» The task
Write out the data exactly as given, dropping every picture.

» Recorded information
******************************

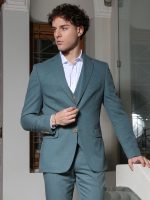 Ανδρικό Κοστούμι Με Γιλέκο BENITO 33-1619 Πράσινο - Image 8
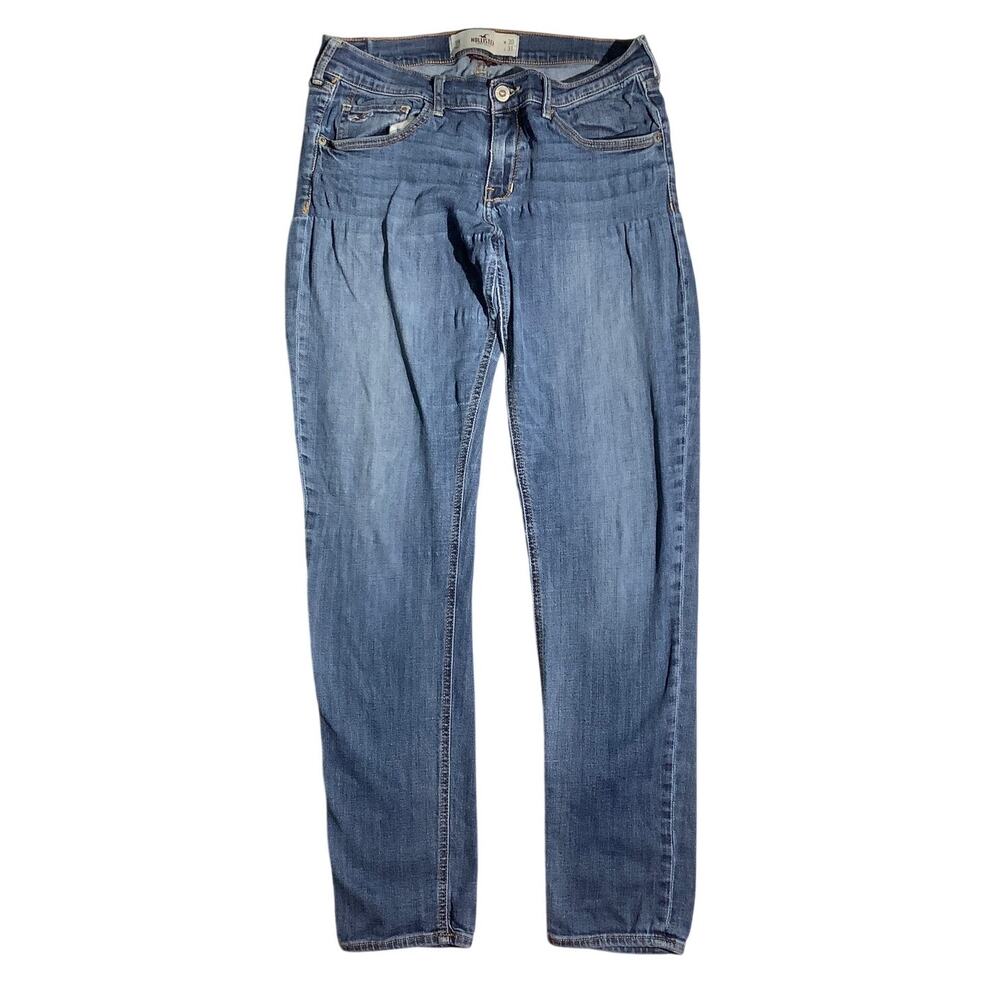 Hollister Medium Wash Stretch Skinny Jeans Women’s 11R — Y2K, Casual, Everyday
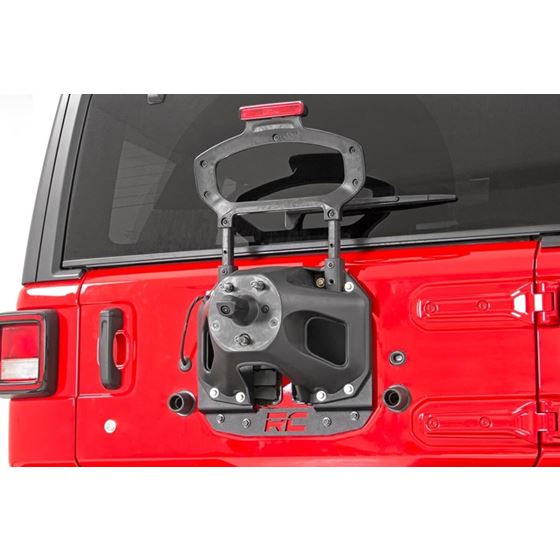 Tire Carrier Relocation Plate No Prox Jeep Wrangler JL (18-24)/Wrangler Unlimited (18-24) (10529) 3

******************************

» Solution below
 Ανδρικό Κοστούμι Με Γιλέκο BENITO 33-1619 Πράσινο - Image 8
 Hollister Medium Wash Stretch Skinny Jeans Women’s 11R — Y2K, Casual, Everyday
 Tire Carrier Relocation Plate No Prox Jeep Wrangler JL (18-24)/Wrangler Unlimited (18-24) (10529) 3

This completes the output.